**ACTIVITY:** Transcribe the data verbatim and drop its images.

**GIVEN ENTRIES:**
---

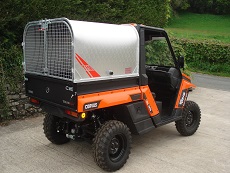 Corvus Livestock Canopy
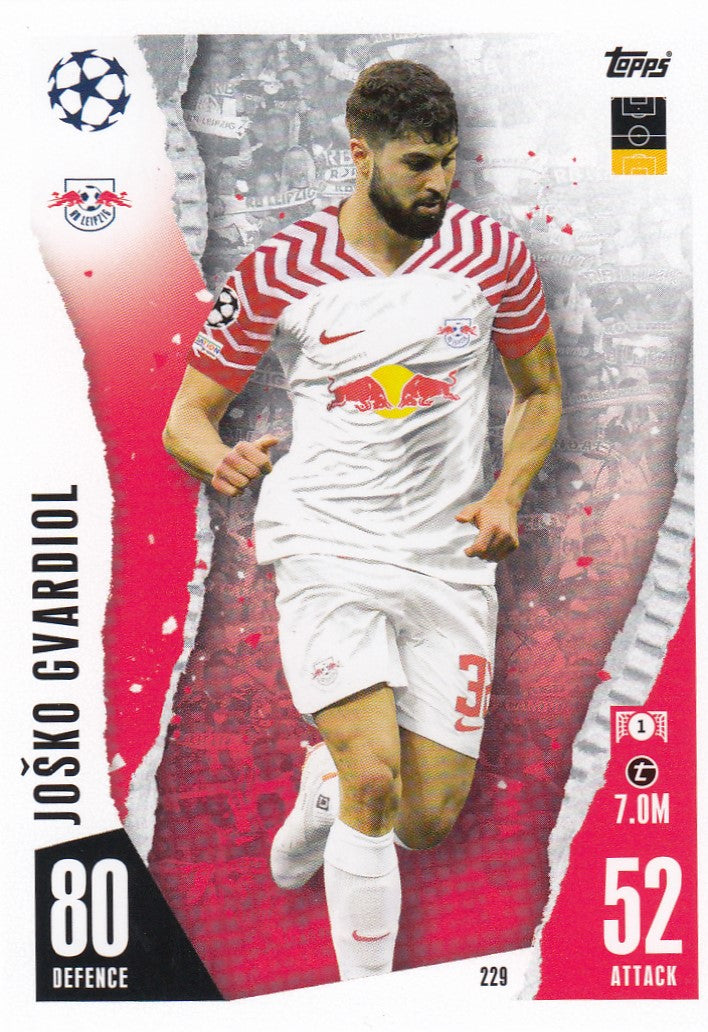 229. JOSKO GVARDIOL - RB LEIPZIG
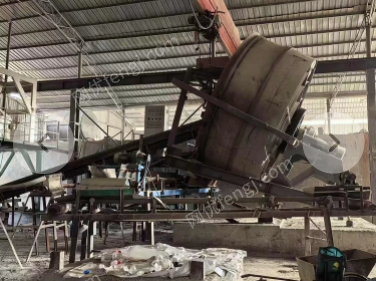 贵州黔西南环保材料生产设备整套出售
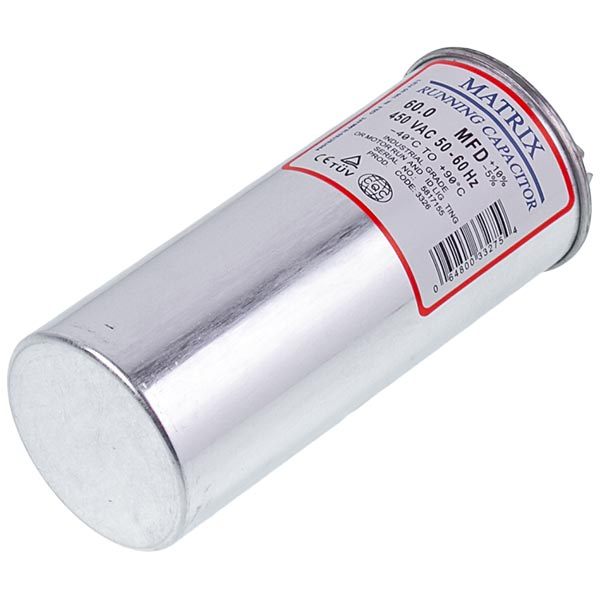 Capacitor 60uF 450V CBB65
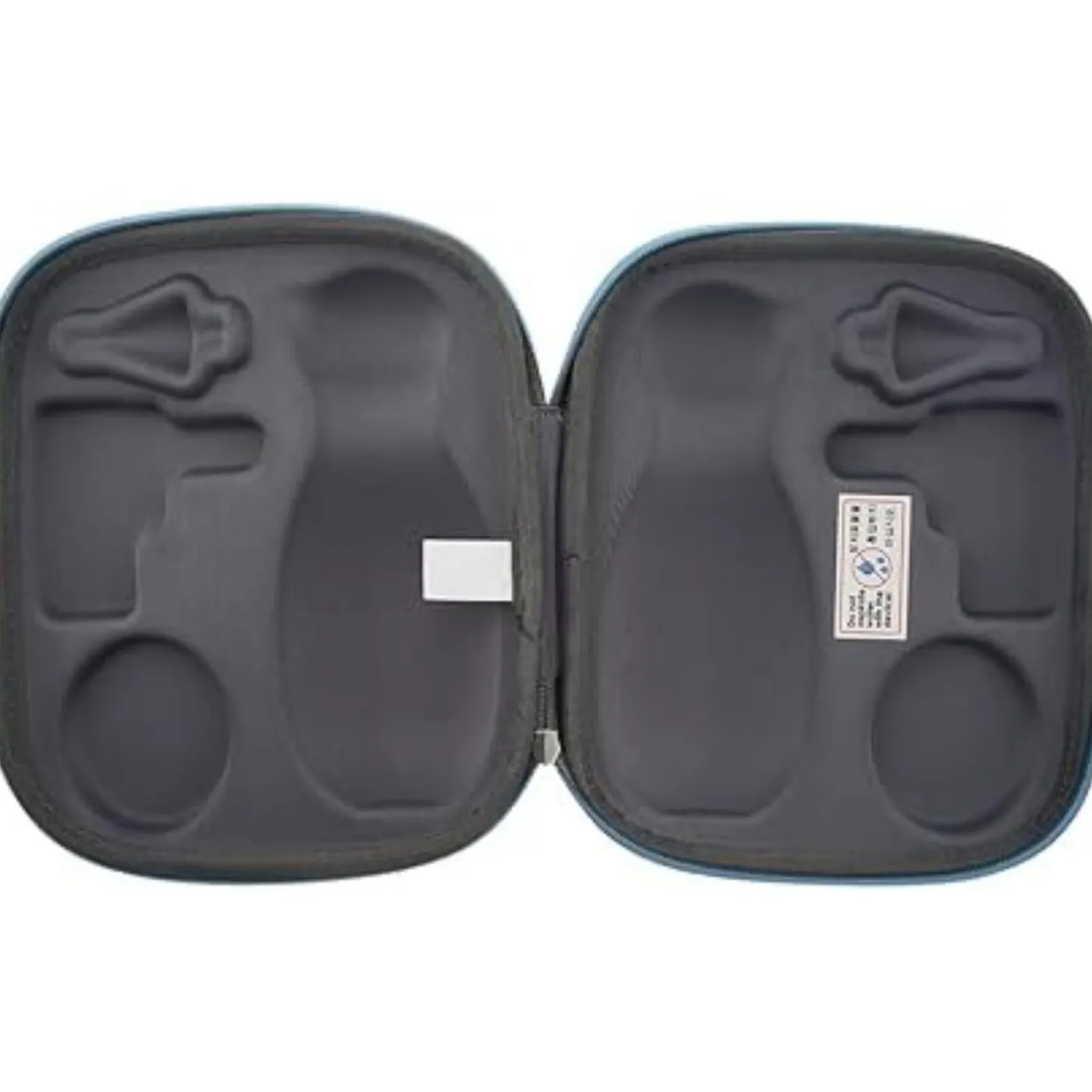 Nosiboo Etui de voyage Nosiboo Bag Go Gris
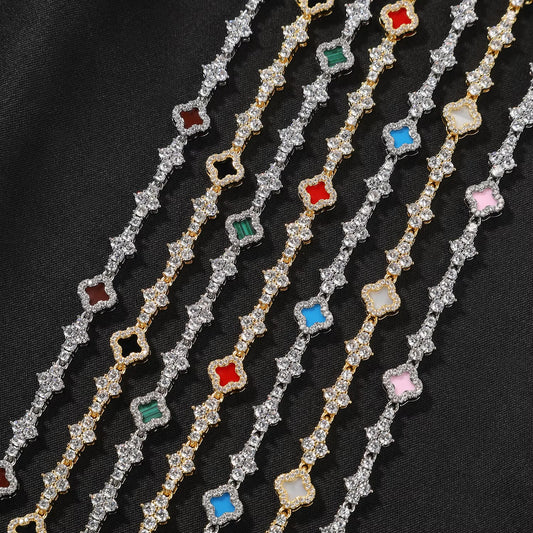 FLOWER LUNARA BRACELET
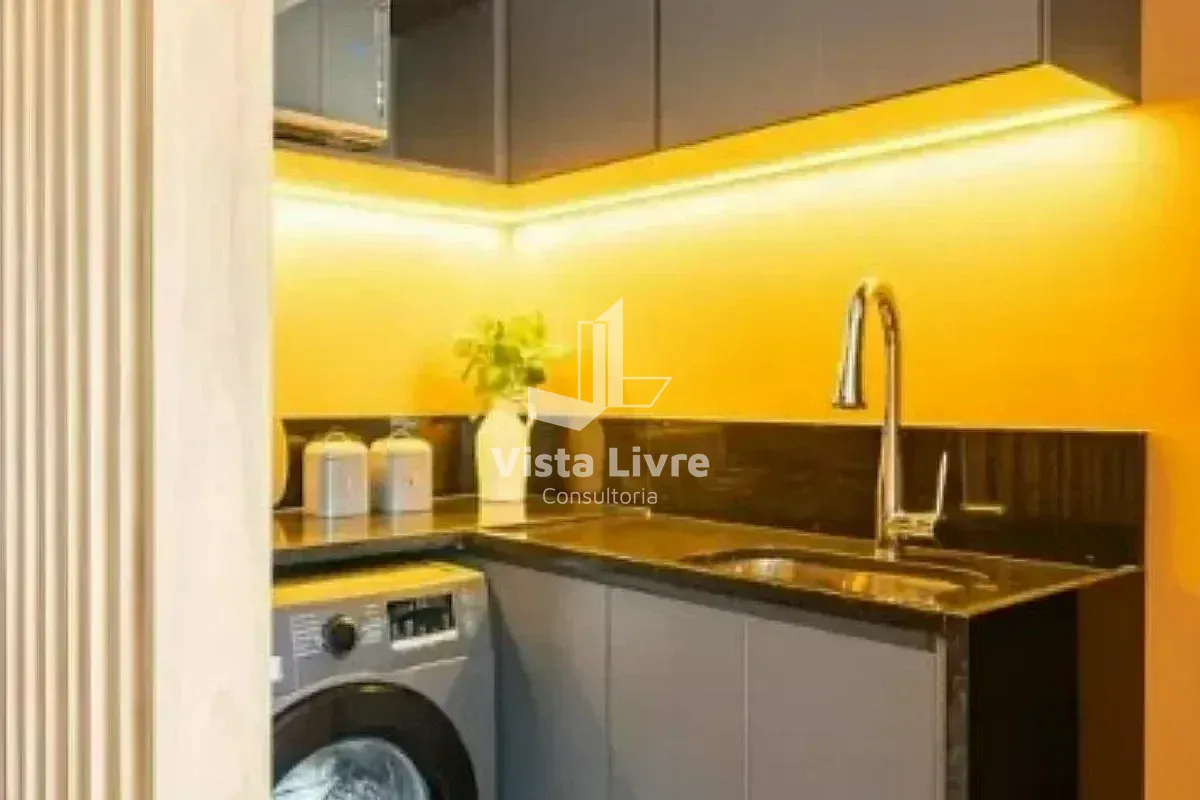 Apartamento, 1 quarto, 30 m² - Foto 11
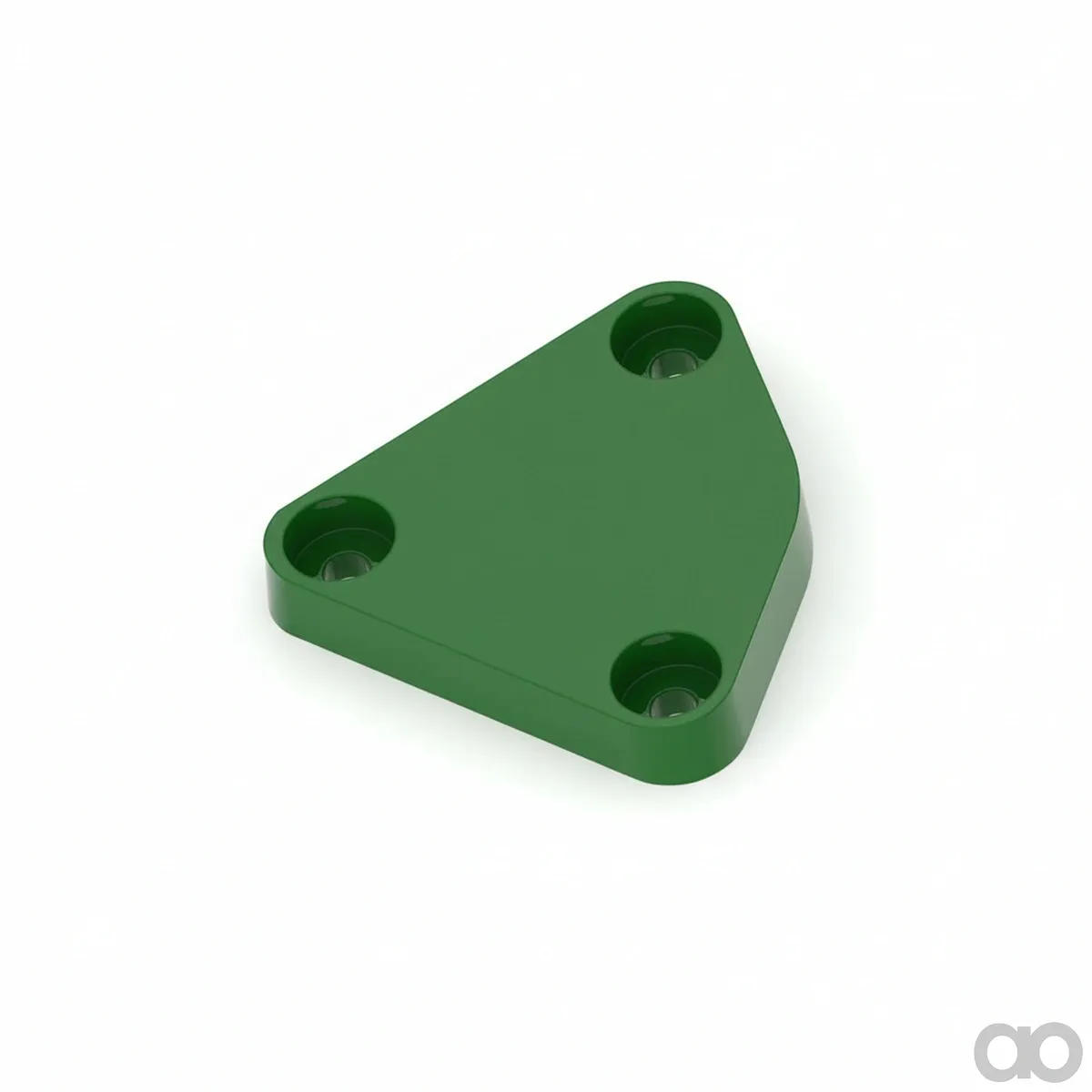 John Deere - AL77680 - Hubzylinder-Steuerventilabdeckung, rechte Seite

---

**TASK RESULT:**
 Corvus Livestock Canopy
 229. JOSKO GVARDIOL - RB LEIPZIG
 贵州黔西南环保材料生产设备整套出售
 Capacitor 60uF 450V CBB65
 Nosiboo Etui de voyage Nosiboo Bag Go Gris
 FLOWER LUNARA BRACELET
 Apartamento, 1 quarto, 30 m² - Foto 11
 John Deere - AL77680 - Hubzylinder-Steuerventilabdeckung, rechte Seite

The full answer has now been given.